WASHINGTON — The U.S. military's decision to surge a carrier strike group and Air Force bombers to the Middle East was based on Iranian threats to U.S. military forces and civilians at multiple locations in the region, according to U.S. officials and a defense official.
Recent intelligence showed Iran and its proxies are repositioning forces and may be planning for attacks, both at land and at sea, the officials said.
The troubling new intelligence caused the commander of the U.S. Central Command, Gen. Frank McKenzie, to request more assets to his area of responsibility. Acting Secretary of Defense Patrick Shanahan approved the request to redirect the USS Abraham Lincoln Carrier Strike Group to the Persian Gulf and to move a bomber task force to the region.
Shanahan tweeted Monday that he approved the deployment Sunday afternoon, calling it "a prudent repositioning of assets in response to indications of a credible threat by Iranian regime forces." Shanahan called on the Iranians to "cease all provocation," warning that the United States "will hold the Iranian regime accountable for any attack on U.S. forces or our interests."
The officials warned Iran has proxy forces operating in Iraq, Syria, Yemen and other parts of the region who could rise up and target Americans. "We are taking this threat reporting very seriously," one U.S. official said.
The unusual announcement telegraphing the location of a carrier strike group deployment came late Sunday night in a statement from national security adviser John Bolton.
"In response to a number of troubling and escalatory indications and warnings, the United States is deploying the USS Abraham Lincoln Carrier Strike Group and a bomber task force to the U.S. Central Command region to send a clear and unmistakable message to the Iranian regime that any attack on United States interests or on those of our allies will be met with unrelenting force," the statement said. "The United States is not seeking war with the Iranian regime, but we are fully prepared to respond to any attack, whether by proxy, the Islamic Revolutionary Guard Corps, or regular Iranian forces."
On Monday, acting Pentagon spokesperson Charles E. Summers Jr. said, "The deployment of the USS Abraham Lincoln Carrier Strike Group and a bomber task force are considered a prudent step in response to indications of heightened Iranian readiness to conduct offensive operations against U.S. forces and our interests."
Brett McGurk, the former U.S. envoy for the fight against ISIS and now an NBC News analyst, said on MSNBC on Monday that it would have been better to convey such a strong message privately, and he didn't think it was "smart" to cut off all diplomatic channels and all communication with the Iranians.
"In the middle of the Cold War, Ronald Reagan railed against the Soviet Union as an evil empire and we still had multiple channels of diplomacy open.

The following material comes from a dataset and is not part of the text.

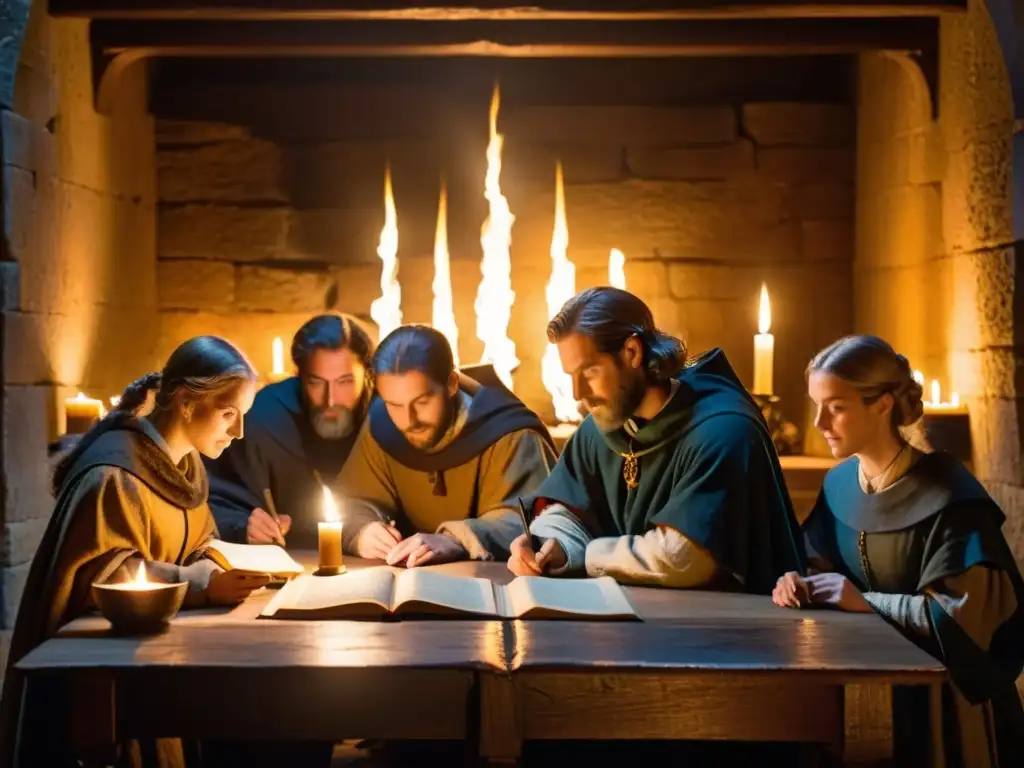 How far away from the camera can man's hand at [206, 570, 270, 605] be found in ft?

I think that's smart. Right now, we have no channels of diplomacy open. So the risk of a clash, the risk of an inadvertent conflict, is increasing."
"This is a president who is clearly willing to put the military option back on the table in a credible way, and [the carrier group and bombers] reinforce the administration’s willingness to use military power if circumstances warrant it," said Mark Dubowitz of the Foundation for Defense of Democracies, which has favored imposing tough sanctions on Iran.
But Dylan Williams, vice president of the J Street advocacy group, which has sharply criticized the administration’s approach to Iran, said the White House appeared to be laying the ground for war.
“With aggressive statements about the deployment of U.S. warships to the region and other belligerent rhetoric," Williams said, "the Trump administration is laying the groundwork for an unnecessary new war of choice which Congress has not authorized and which the American people do not want. It’s now vital that lawmakers take responsible steps to head off this steady march towards armed conflict — before it’s too late."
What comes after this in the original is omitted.